Work item: Please, could you print all the lines below exactly, leaving out the pictures?

Image-text web data
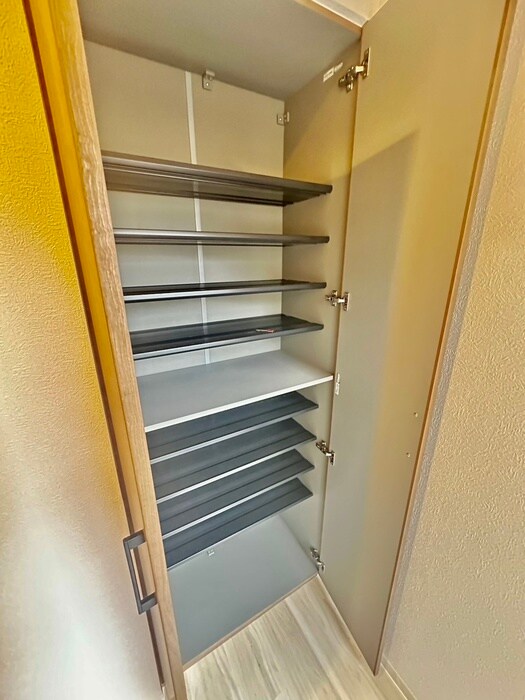 物件内観写真19　(靴箱)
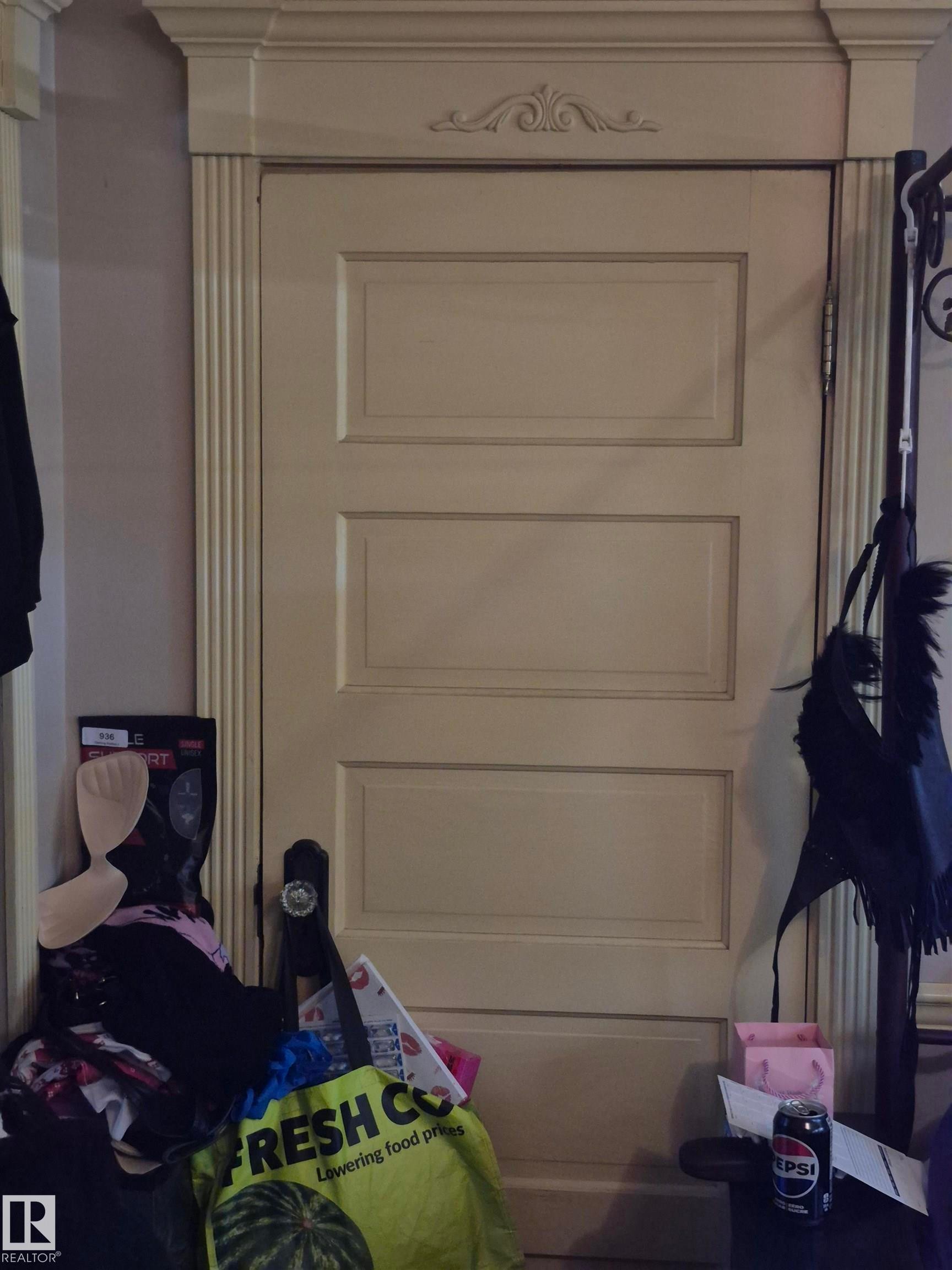 Walk-in closet - 11301 87 Street, Edmonton, AB - Indoor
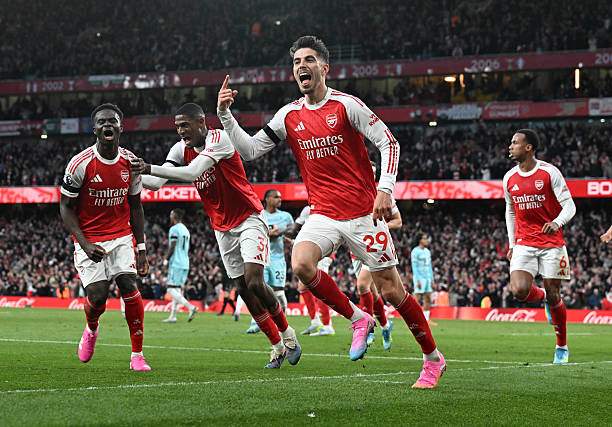 Arsenal tiếp tục thắng tối thiểu, đòn sở trường sẽ hạ gục PSG? - 1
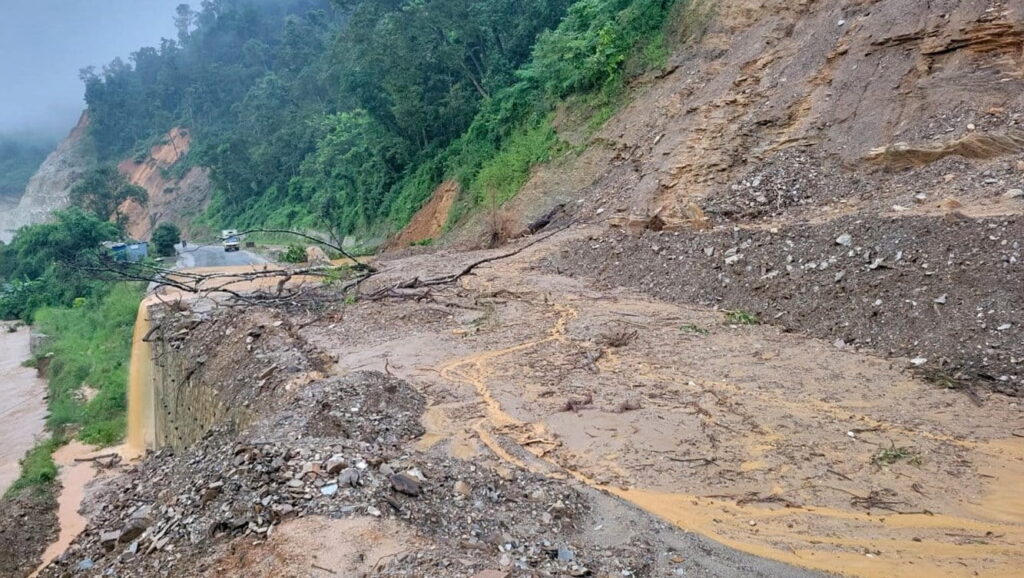 बाढी र पहिरोले यी ९ सडकखण्ड अवरुद्ध, कहाँ-कहाँ रोकियो यातायात ?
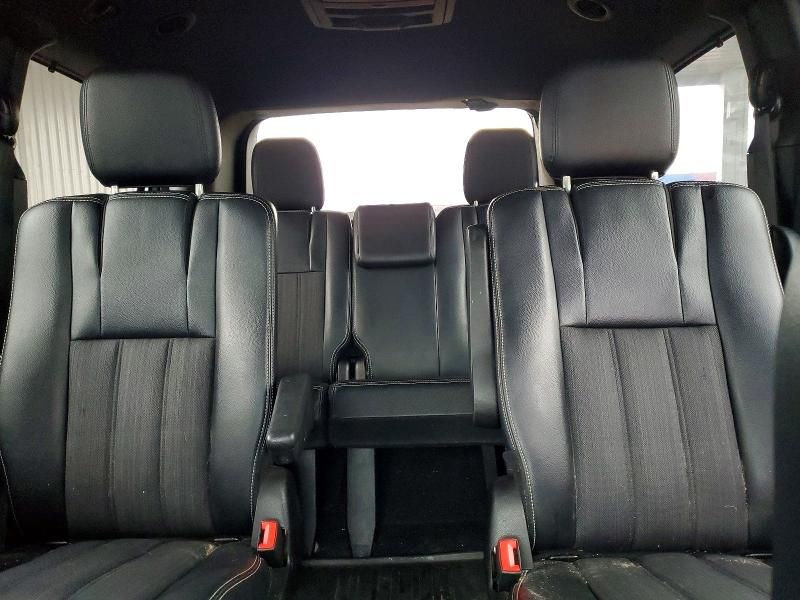 2016 Chrysler Town & Country s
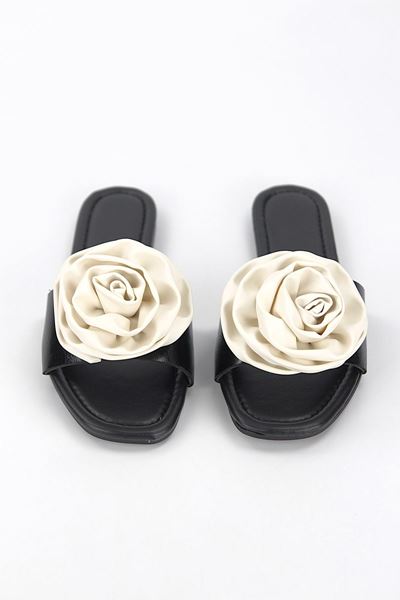 Velrosa Siyah Rugan El Yapımı Beyaz Gül Detaylı Kadın Terlik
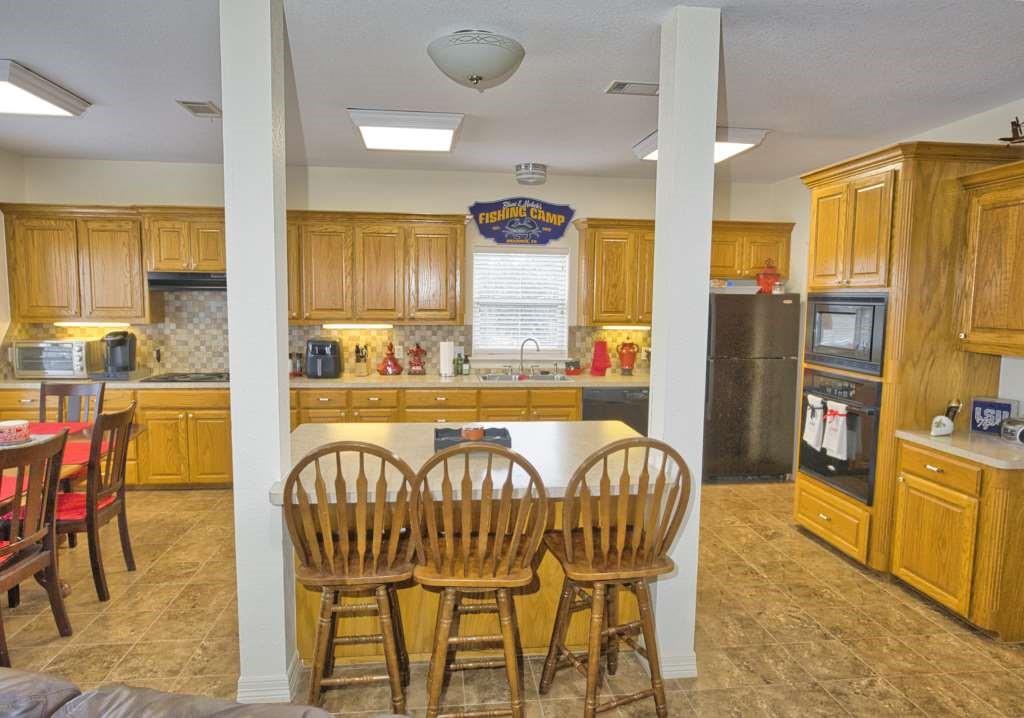 Brazoria, Texas, 77422, United States, 4 Bedrooms Bedrooms, ,3 BathroomsBathrooms,Residential,For Sale,1935189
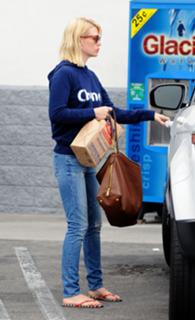 January Jones feet photo thumbnail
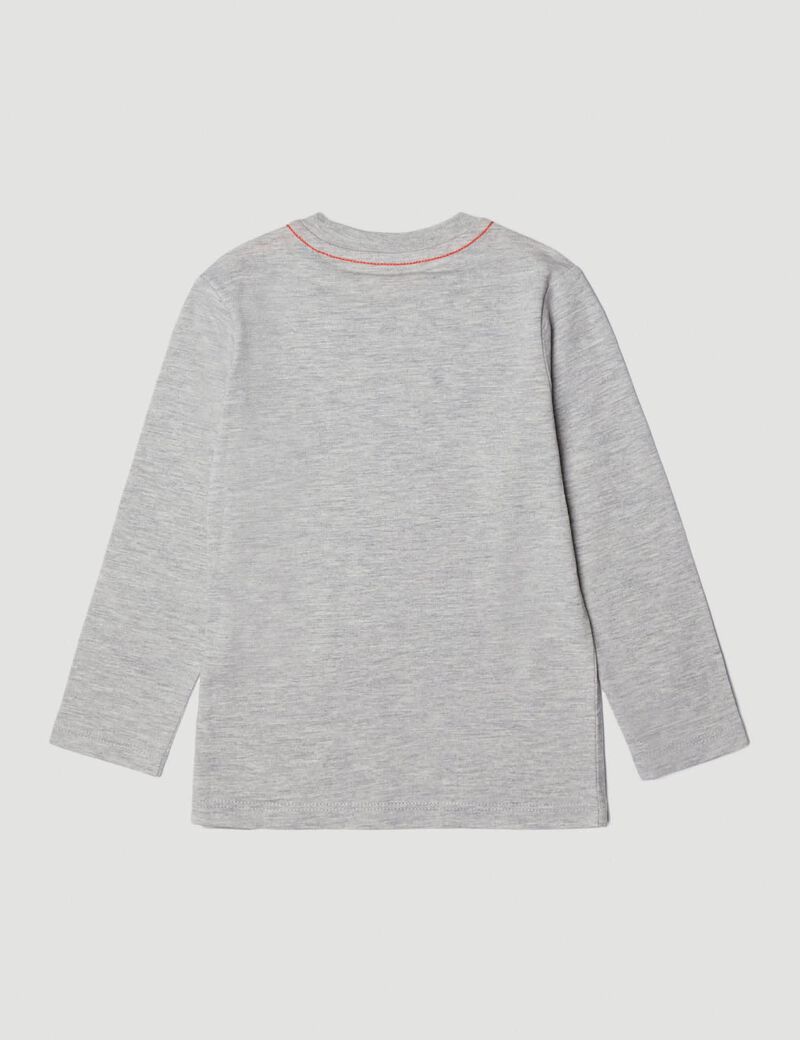 تيشيرت مع أكمام بشعار العلامة على شكل مثلث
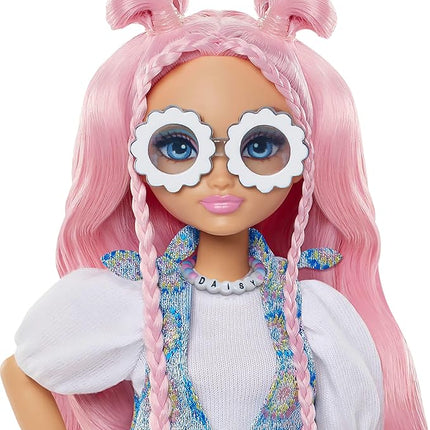 Barbie Dream Besties Doll and Accessories, Daisy Jean Posable Fashion Doll with Removable Fashions & Wavy Pink Hair, 9 DJ & Music Themed Pieces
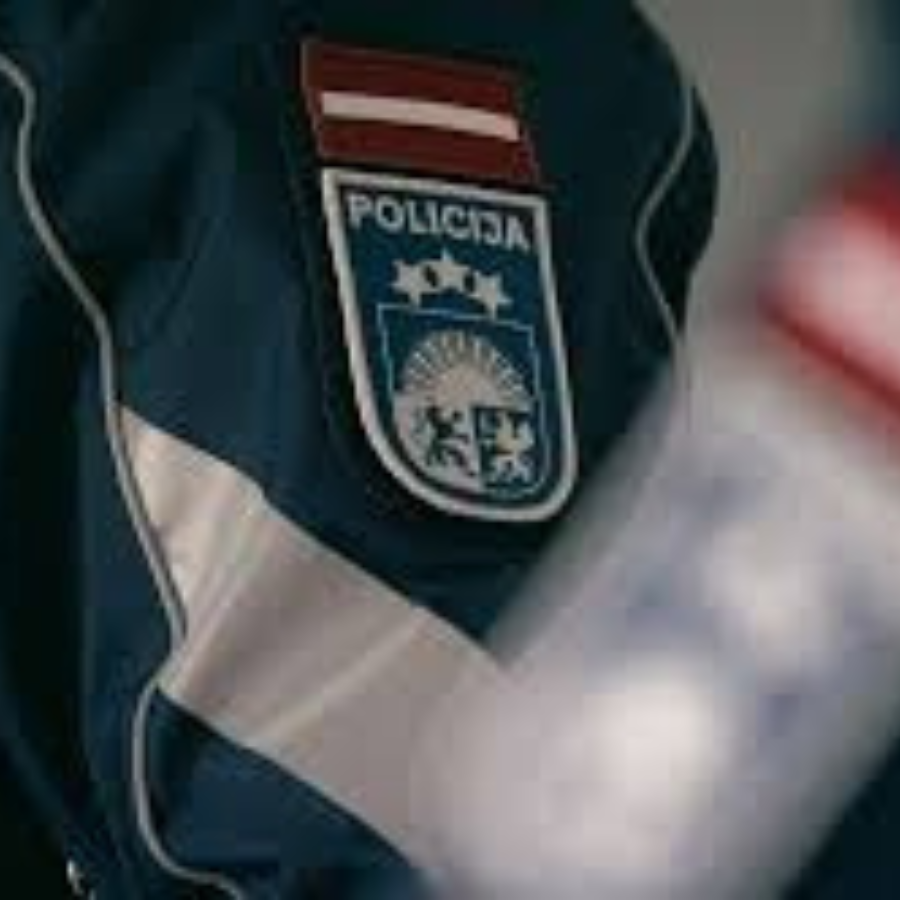 <p>Policija turpina meklēt otrdien Ķengaragā uz ielas atrastā zīdaiņa vecākus</p>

Result of the task:
 物件内観写真19　(靴箱)
 Walk-in closet - 11301 87 Street, Edmonton, AB - Indoor
 Arsenal tiếp tục thắng tối thiểu, đòn sở trường sẽ hạ gục PSG? - 1
 बाढी र पहिरोले यी ९ सडकखण्ड अवरुद्ध, कहाँ-कहाँ रोकियो यातायात ?
 2016 Chrysler Town & Country s
 Velrosa Siyah Rugan El Yapımı Beyaz Gül Detaylı Kadın Terlik
 Brazoria, Texas, 77422, United States, 4 Bedrooms Bedrooms, ,3 BathroomsBathrooms,Residential,For Sale,1935189
 January Jones feet photo thumbnail
 تيشيرت مع أكمام بشعار العلامة على شكل مثلث
 Barbie Dream Besties Doll and Accessories, Daisy Jean Posable Fashion Doll with Removable Fashions & Wavy Pink Hair, 9 DJ & Music Themed Pieces
 <p>Policija turpina meklēt otrdien Ķengaragā uz ielas atrastā zīdaiņa vecākus</p>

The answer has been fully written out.